Pro bono publico--it's as old as Rome, hence the Latin. But, does this word for 'good' in a dead language best describe this man when applied to a rock star? (Okay, I get it, it's 'bono vox', good voice, applied to him as an artist, but does this make him a sincere front man for the 'vox populi'?)
Bob Dylan, in his 'Chronicles I', calls Bono a 'closet philosopher' who praised a batch of unrecorded lyrics to some Dylan songs then without even a basic melody; Dylan wasn't sure he was sincere, case of Guiness or no.
The proof, however circumstantial, is in the 'gooding', and its 'whys'.
First, let's examine the relevant actions (if any) of his peers.
Springsteen, a stand-up guy, politically courageous (see: Obama 2012); largely domestic charitable work (albeit, the Obama work can be seen as a boon to the world on several levels).
Jagger, busy buying artwork, living like the Knight of the Realm he gladly is; let's just say he's a grad of the London School of Economics, enough said. Could be a late-bloomer, as his dad is 97, we'll see, if we live so long, as he did do a free gig for Sandy the hurricane, and gave W. the bird on SNL.
Bon Jovi--pass, guess that missing 'o' means much; strictly Garden State, more or less, as far as we can tell.
McCartney, still busy song-writing, albeit sans his greatest edge, Mr. Lennon who, despite his absence for the worst reason possible, maintains his claim to the greatest anthems for the ideals Bono espouses.
Stevie Wonder, who does live up to his name, and, despite his lack of technical vision is a nonpareil visionary, close to what Bono's doing.
Realizing many more may be listed, I must bow to my Editor
whose love of space and time is rivaled only by Einstein.

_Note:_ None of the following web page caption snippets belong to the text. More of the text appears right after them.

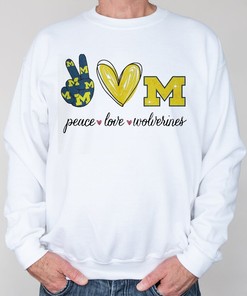 Pretty Peace Love Michigan Wolverines T-Shirt - Perfect for Fans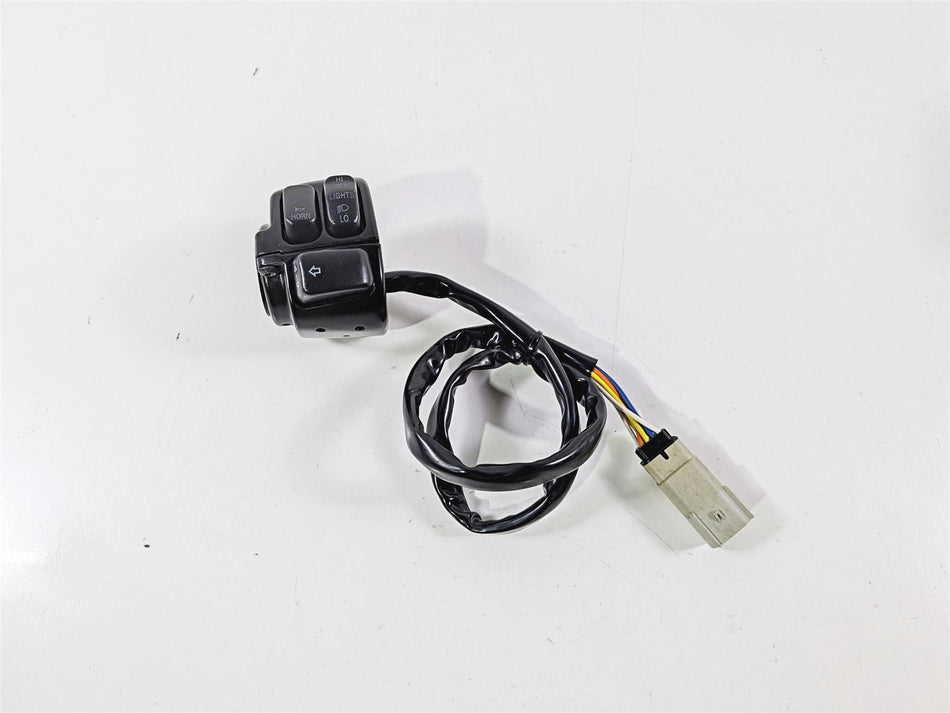 2009 Harley Davidson XR1200 Sportster Left Hand Light Control Switch 71682-06A-Mototech271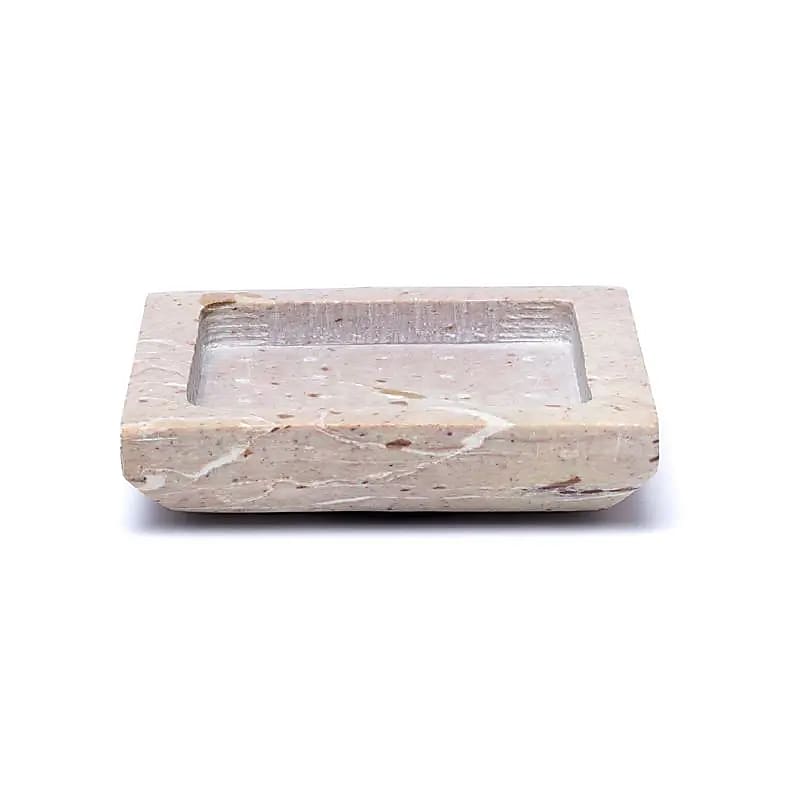 Plateau carré en pierre de stéatite, modèle robuste qui peut être utilisé comme bougeoir, parfait pour les bougies pyramidales, pour y poser vos bijoux ou comme décoration. Taille cm 9x9x2 - ± 255 gr. ! Vente à l'unité ou par 2 !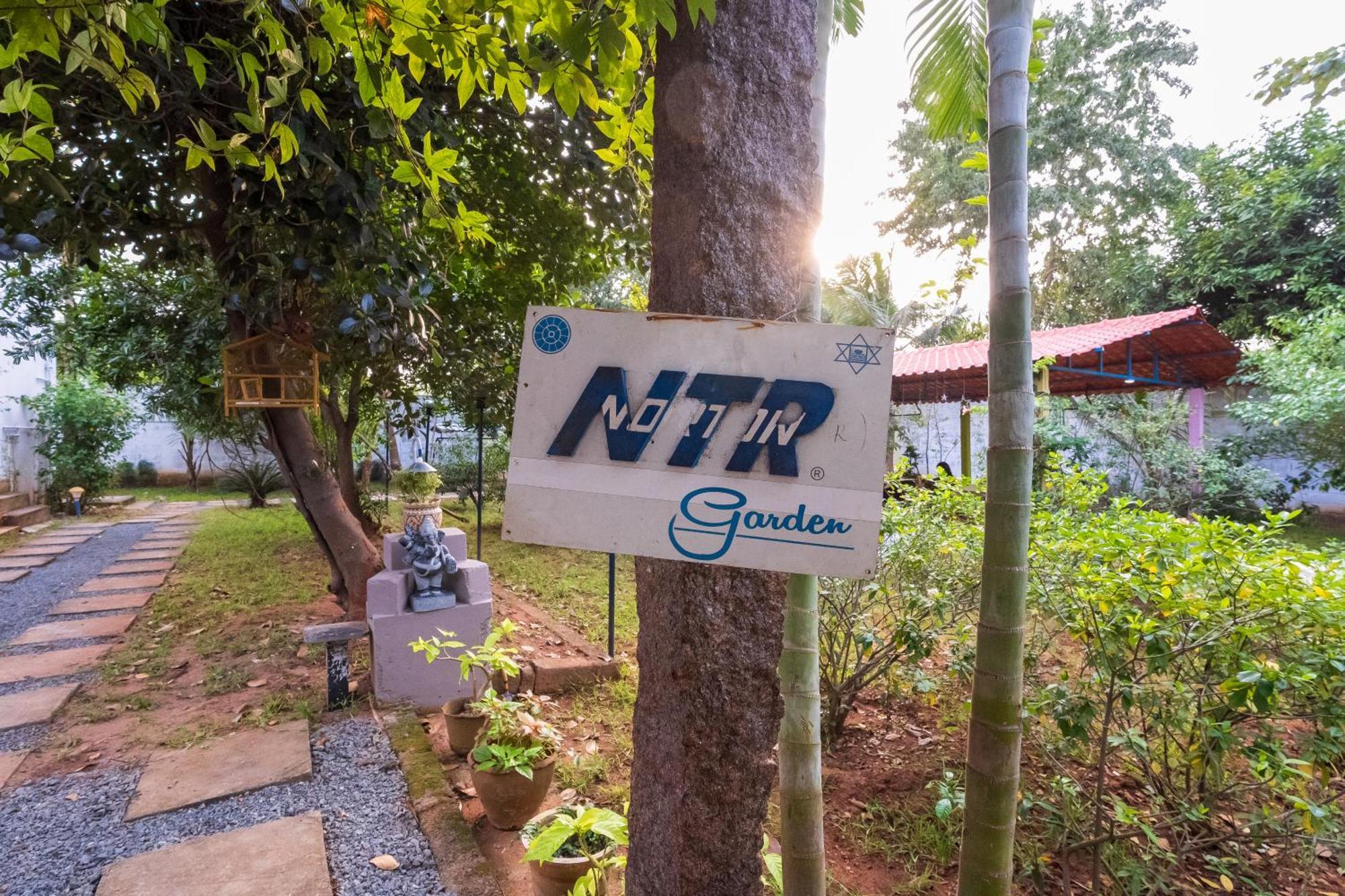 Ntr Garden Hotell Auroville Exteriör bild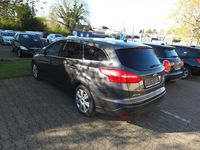 Gebraucht Ford Focus Titanium 125 PS (91 kW) 2016 Grau Kombi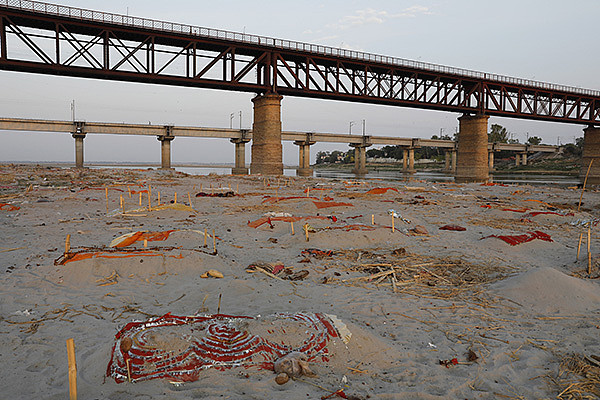 恒河已打捞出上千具浮尸，印度官员：与新冠无关，系河葬习俗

So, here're my factual criteria, in question form, it is up to you to provide the well-considered answers:
1. He openly praised a man whose abilities are at best low average: George W. Bush; perhaps that praise was, itself, an act of charity per se, aimed at results for Africa and its HIV+/AIDS epidemic. Was this mercenary or for the greater good?
2. He happily interviewed with 'Focus on the Family', a notoriously anti-gay, anti-choice far religious right propaganda tool; in that exchange, he volunteered his belief in Jesus's god-like parentage, however, cautioning against anything but good-hearted tolerance for those who don't so believe. See the transcript at 'Religious News Service', to be fair and complete. That said, and perhaps done, does this politicize or otherwise detract from his actions, or is he simply holding potential philosophical 'enemies' close?
3. He's Managing Director & Co-Founder of Elevation Partners; while it's been dubbed the worst investment firm in America, he/it did invest in Facebook, Yelp!, DropBox, and Forbes (yes, Steve's magazine thingy, you know, the failed GOP Presidential candidate some years ago). Does this make him selfish or forward-thinking, even self-funding?
4. He and/or U-2 are generally regarded as tax avoiders--aren't we all if/when we may legally be? Besides, maybe he's leveraging his money saved either directly or indirectly for good; unlike certain other prominent figures of late, we don't have to see his tax returns to know something about his heart. What do you think, a necessary means to a better end?
So, then, one more query: do you believe him when he croons 'I still haven't found what I'm looking for'? Can any of us truly say 'yes' definitively, and for all time? I say keep searching, like Bono, and don't forget your heart, in this brain-centered world, a world of 'reason'--look around, where has that gotten us without that heart's advice? It's probably the difference between 'only human' and 'only humane'.
Pro bono publico (and privately), be more humane.